So basically, in this measure of what matters to customers, once you figure out for each customer segment and each of the key customer scenarios what they care about most, then you should be using whatever technology you can to put instrumentation in. Then you will know proactively how you're doing on the things that matter most to your customers. That's part of the flight deck.
EL: Your "flight deck" metaphor is a powerful tool for managing performance in real-time. Can you explain what the flight deck is and what metrics should companies measure?
PS: The implementation of the customer experience is that whole customer experience row in the customer flight deck. The rest of the flight deck has to do with value metrics: How many customers do we have? How many are we retaining? How much are they spending with us?
EL: What are some of the companies that are managing the customer experience correctly?

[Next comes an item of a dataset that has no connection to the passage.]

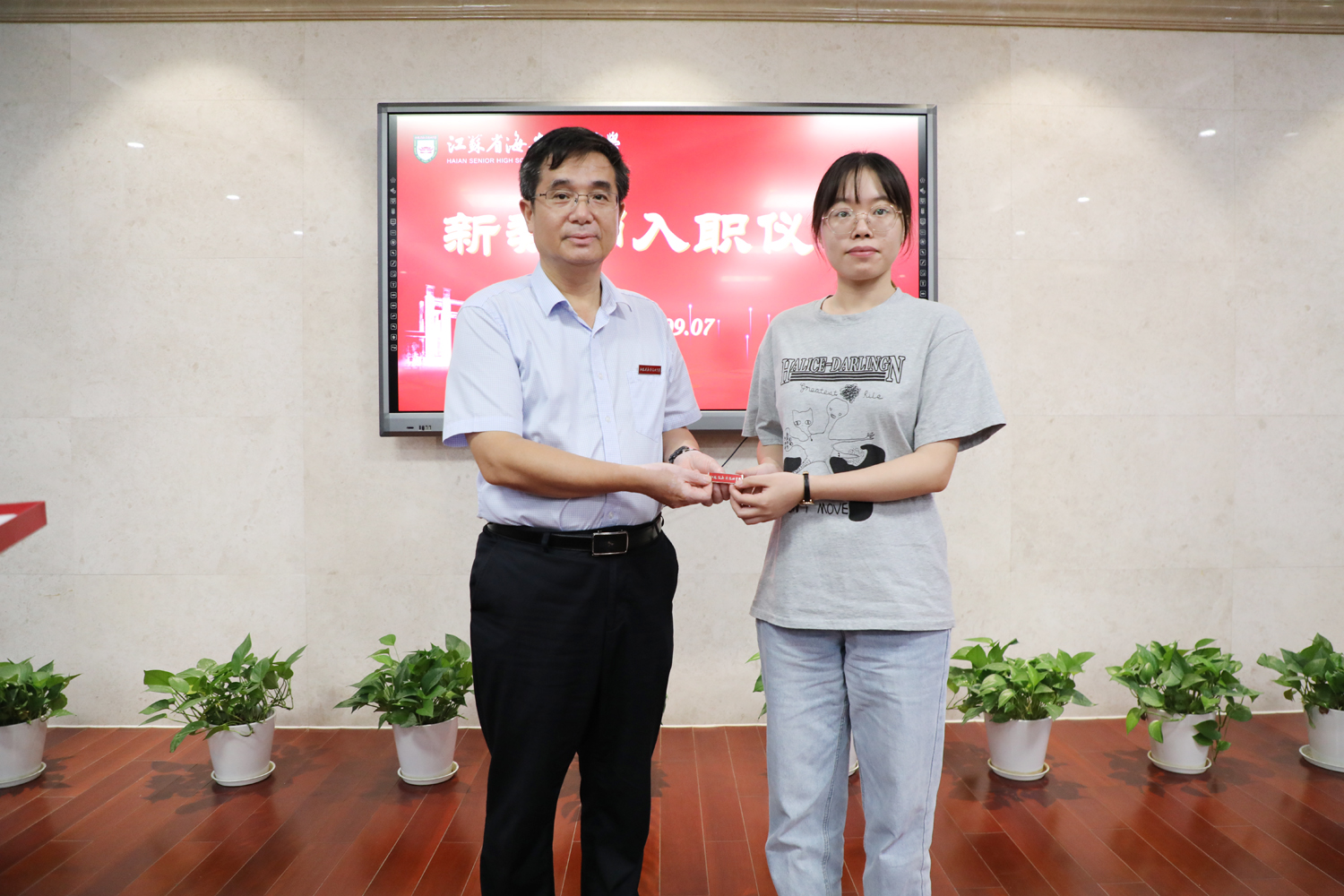 0778df0bfe624c4b9805011de27e8fdd.jpg 0778df0bfe624c4b9805011de27e8fdd.jpg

What are they doing right and how are they doing it?
PS: The book has detailed case studies of 13 companies.
Take Charles Schwab. In Schwab's case, they're fanatically focused on the quality of the customer experience and they measure customer satisfaction by interaction. They figure out what customers care about, and then they monitor that very proactively across their systems and their touch points.
Most importantly, they monitor how they're doing on meeting customers' outcomes - in Schwab's case, that's "Is my investment growing?" Not only do they monitor it, but they actually compensate their employees based on how well they're doing in meeting customers' outcomes and objectives. So that's when you've got your entire company aligned to what customers care about.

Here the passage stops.